Find and copy each line in the material below where the string "black" occurs.

- Opening Delimiter -

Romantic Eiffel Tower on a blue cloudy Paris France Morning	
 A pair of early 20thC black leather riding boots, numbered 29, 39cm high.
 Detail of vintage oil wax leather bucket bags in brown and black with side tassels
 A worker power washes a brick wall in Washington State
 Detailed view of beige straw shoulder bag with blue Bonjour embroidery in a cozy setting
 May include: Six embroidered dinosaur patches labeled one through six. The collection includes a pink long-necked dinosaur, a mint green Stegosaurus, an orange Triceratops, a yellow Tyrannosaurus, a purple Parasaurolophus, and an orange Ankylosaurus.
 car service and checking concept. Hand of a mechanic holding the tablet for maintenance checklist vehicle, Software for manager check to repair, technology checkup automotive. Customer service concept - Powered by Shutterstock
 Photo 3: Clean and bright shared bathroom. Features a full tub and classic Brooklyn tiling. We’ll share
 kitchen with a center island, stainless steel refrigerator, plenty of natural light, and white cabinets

- Closing Delimiter -

Exercise result »
 A pair of early 20thC black leather riding boots, numbered 29, 39cm high.
 Detail of vintage oil wax leather bucket bags in brown and black with side tassels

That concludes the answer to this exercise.